== Data section ==
┄┄┄┄┄┄┄┄┄┄
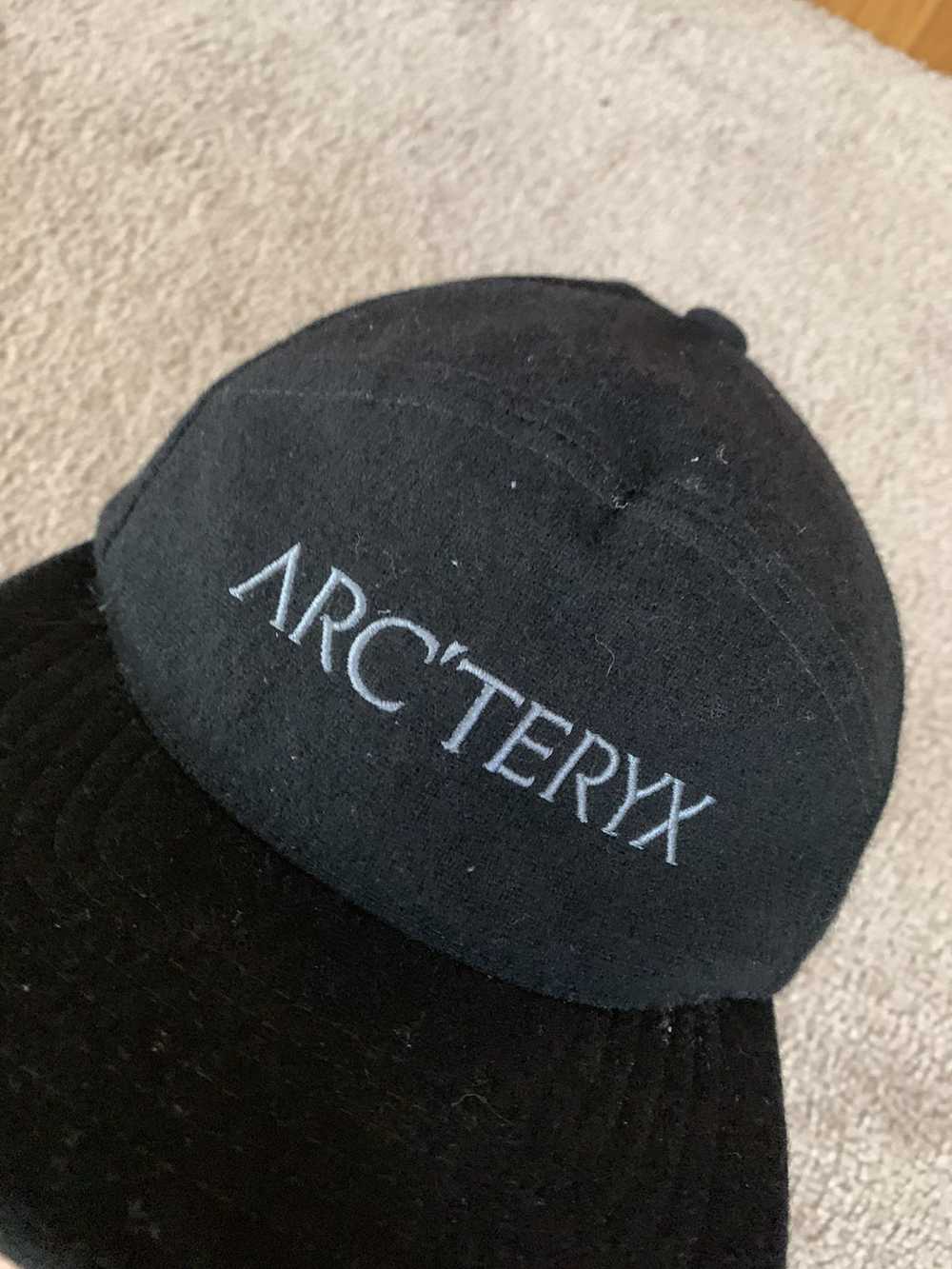 Arc'Teryx ARCTERYX Embroidered Bird Word Cotton V… - image 2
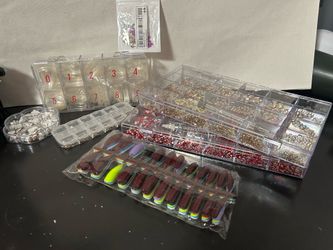 Nails/Gems
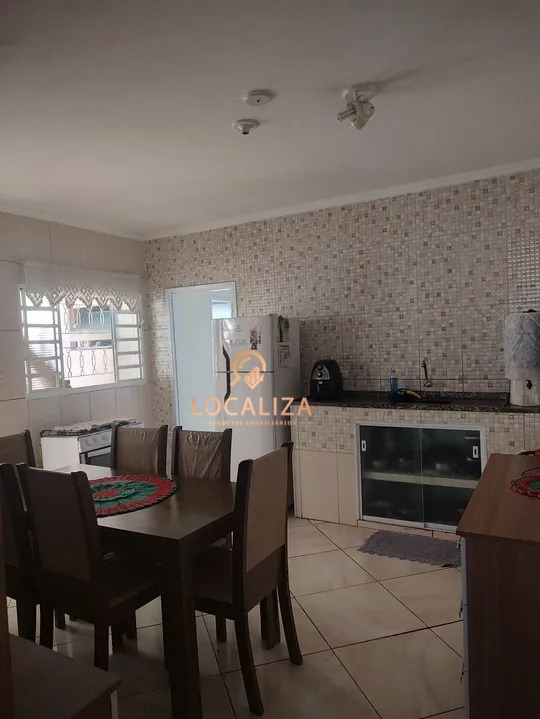 Casa, 3 quartos, 186 m² - Foto 2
┄┄┄┄┄┄┄┄┄┄
== Work to complete ==
In your copy, restate the data above word for word but leave out any picture.

== Written answer ==
 Arc'Teryx ARCTERYX Embroidered Bird Word Cotton V… - image 2
 Nails/Gems
 Casa, 3 quartos, 186 m² - Foto 2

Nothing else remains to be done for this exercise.